Work request: Transcribe, without any alteration, only the lines that begin at the line containing "Denetimsiz dijital medya, atom" and run to the last line below.

Stored items:
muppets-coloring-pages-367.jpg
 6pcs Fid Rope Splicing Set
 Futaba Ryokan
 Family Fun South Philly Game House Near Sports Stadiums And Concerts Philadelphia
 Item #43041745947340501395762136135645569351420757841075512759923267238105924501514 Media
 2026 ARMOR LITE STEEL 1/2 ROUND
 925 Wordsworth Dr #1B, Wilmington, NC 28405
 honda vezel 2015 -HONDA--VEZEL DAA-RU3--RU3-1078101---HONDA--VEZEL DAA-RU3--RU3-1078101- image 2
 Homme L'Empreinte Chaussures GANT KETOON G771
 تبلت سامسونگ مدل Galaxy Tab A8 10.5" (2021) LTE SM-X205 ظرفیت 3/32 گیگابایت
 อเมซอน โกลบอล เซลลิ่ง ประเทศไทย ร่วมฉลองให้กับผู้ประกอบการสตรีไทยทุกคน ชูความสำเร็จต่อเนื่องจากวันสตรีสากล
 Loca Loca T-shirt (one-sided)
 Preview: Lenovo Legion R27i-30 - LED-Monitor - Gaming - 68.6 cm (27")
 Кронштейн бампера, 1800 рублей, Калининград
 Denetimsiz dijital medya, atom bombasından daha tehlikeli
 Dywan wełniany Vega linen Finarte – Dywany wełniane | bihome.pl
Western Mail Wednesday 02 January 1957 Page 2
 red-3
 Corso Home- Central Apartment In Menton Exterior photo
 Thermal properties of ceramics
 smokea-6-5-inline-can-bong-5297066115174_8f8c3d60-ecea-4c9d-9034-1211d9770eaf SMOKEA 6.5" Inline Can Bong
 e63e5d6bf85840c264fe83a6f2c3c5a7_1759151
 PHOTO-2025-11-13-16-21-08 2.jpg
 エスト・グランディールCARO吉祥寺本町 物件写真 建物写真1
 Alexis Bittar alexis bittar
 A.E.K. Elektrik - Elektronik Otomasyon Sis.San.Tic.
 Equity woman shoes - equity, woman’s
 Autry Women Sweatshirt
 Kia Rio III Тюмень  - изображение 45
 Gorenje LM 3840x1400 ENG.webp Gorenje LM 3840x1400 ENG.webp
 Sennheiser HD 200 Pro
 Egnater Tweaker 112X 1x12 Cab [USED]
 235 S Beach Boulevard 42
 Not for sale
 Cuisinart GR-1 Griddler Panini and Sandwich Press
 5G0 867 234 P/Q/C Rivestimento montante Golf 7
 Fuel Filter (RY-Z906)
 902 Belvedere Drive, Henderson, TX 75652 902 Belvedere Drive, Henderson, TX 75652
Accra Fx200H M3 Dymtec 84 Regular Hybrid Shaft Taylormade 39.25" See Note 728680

Task answer:
 Denetimsiz dijital medya, atom bombasından daha tehlikeli
 Dywan wełniany Vega linen Finarte – Dywany wełniane | bihome.pl
Western Mail Wednesday 02 January 1957 Page 2
 red-3
 Corso Home- Central Apartment In Menton Exterior photo
 Thermal properties of ceramics
 smokea-6-5-inline-can-bong-5297066115174_8f8c3d60-ecea-4c9d-9034-1211d9770eaf SMOKEA 6.5" Inline Can Bong
 e63e5d6bf85840c264fe83a6f2c3c5a7_1759151
 PHOTO-2025-11-13-16-21-08 2.jpg
 エスト・グランディールCARO吉祥寺本町 物件写真 建物写真1
 Alexis Bittar alexis bittar
 A.E.K. Elektrik - Elektronik Otomasyon Sis.San.Tic.
 Equity woman shoes - equity, woman’s
 Autry Women Sweatshirt
 Kia Rio III Тюмень  - изображение 45
 Gorenje LM 3840x1400 ENG.webp Gorenje LM 3840x1400 ENG.webp
 Sennheiser HD 200 Pro
 Egnater Tweaker 112X 1x12 Cab [USED]
 235 S Beach Boulevard 42
 Not for sale
 Cuisinart GR-1 Griddler Panini and Sandwich Press
 5G0 867 234 P/Q/C Rivestimento montante Golf 7
 Fuel Filter (RY-Z906)
 902 Belvedere Drive, Henderson, TX 75652 902 Belvedere Drive, Henderson, TX 75652
Accra Fx200H M3 Dymtec 84 Regular Hybrid Shaft Taylormade 39.25" See Note 728680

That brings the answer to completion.